El sufrimiento, por supuesto, puede llevarnos en cualquiera de dos direcciones: (1) puede volvernos muy amargados y cerrarnos, o (2) puede hacernos sabios, compasivos y completamente abiertos, porque nuestro corazón se ablanda, o tal vez porque sentimos que no tenemos nada más que perder. El sufrimiento a menudo nos lleva al límite de nuestros recursos internos donde “caemos en las manos del Dios vivo” (Hebreos 10:31), ¡incluso cuando no estamos seguros de creer en Dios! Todos debemos orar por la gracia de este segundo camino de dulzura y apertura. Mi opinión es que este es el significado mismo de la frase “líbranos del mal” en el Padre Nuestro. En esta declaración, no estamos pidiendo evitar el sufrimiento. Es como si estuviéramos orando: “Cuando vengan grandes pruebas, Dios, defiéndeme, y no permitas que me amargue o me culpe” —lo cual es un mal que lleva a otros males.
Luchar con la propia sombra, enfrentar los conflictos interiores y los fracasos morales, sufrir el rechazo y el abandono, las humillaciones diarias o cualquier forma de limitación: todos son puertas a una conciencia más profunda y al florecimiento del alma.
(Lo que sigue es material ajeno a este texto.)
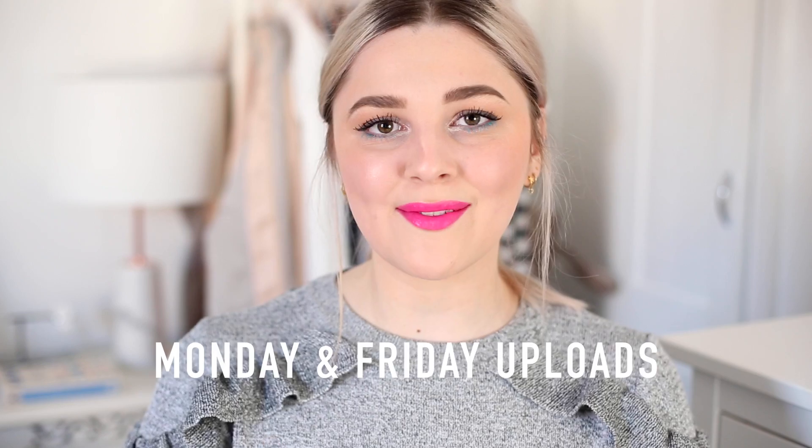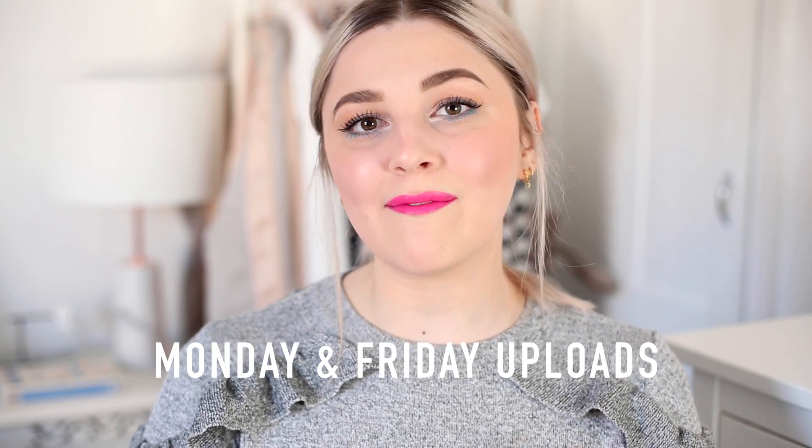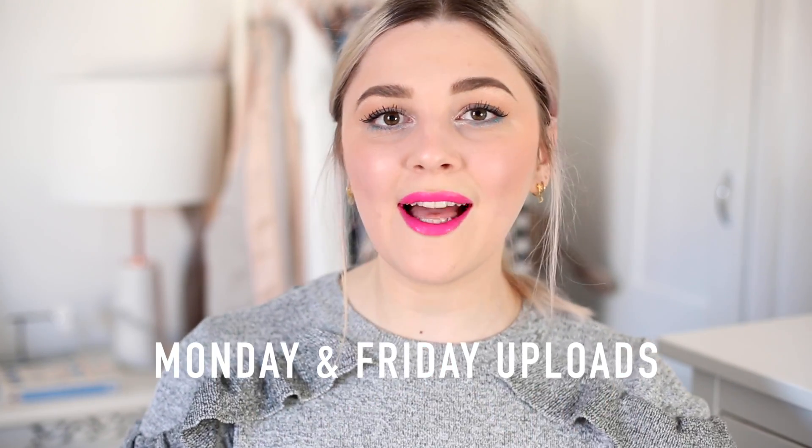The standouts from this haul have to be the Revlon PhotoReady InstaFix Highlighting Stick — I love it, it completely changed the way my makeup looked. Such a beautiful colour. I also really enjoyed using this brush — it's a really good dupe for the Artis brushes, so if you're yet to try them because they're pricey and tricky to get hold of, pop into Boots and pick this up. Don't forget I'm uploading on Mondays now instead of Sundays — Monday nights and Friday nights are when my videos go live. Subscribe if you haven't already. That's it for me — see you all soon, bye!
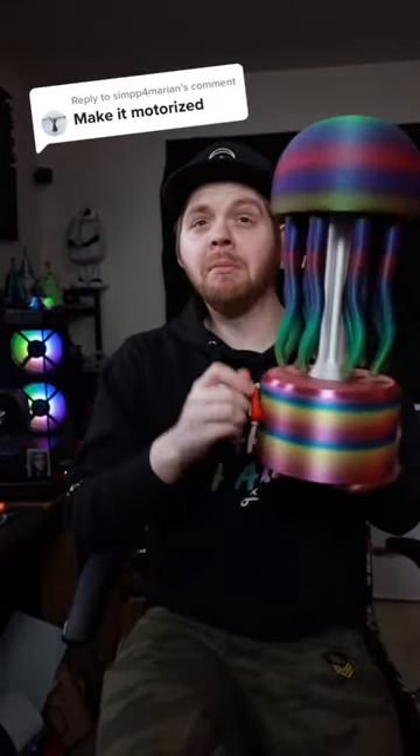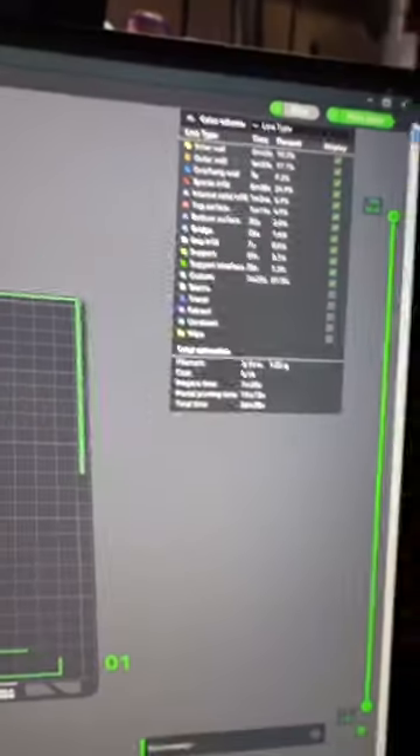Add a motor to this? We can do this really quickly in Tinkercad. Load the file up in my slicer, sliced it, and sent it off to my printer.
Estas experiencias son una ventana privilegiada al ahora, al momento presente, porque nos enfrentan a contradicciones imposibles. Sanar, perdonar lo que es, “llorar”, aceptar la pobreza interior y las contradicciones de uno son a menudo experiencias muy necesarias que invitan a la mente contemplativa. (Pablo hace esto de una manera memorable desde lo más profundo de Romanos 7:14–15 hasta lo más alto de su poesía mística en Romanos 8).
1 Adaptación de Richard Rohr, The Naked Now: Learning to See as the Mystics See (New York: Crossroad Publishing, 2009), 122–123, 127.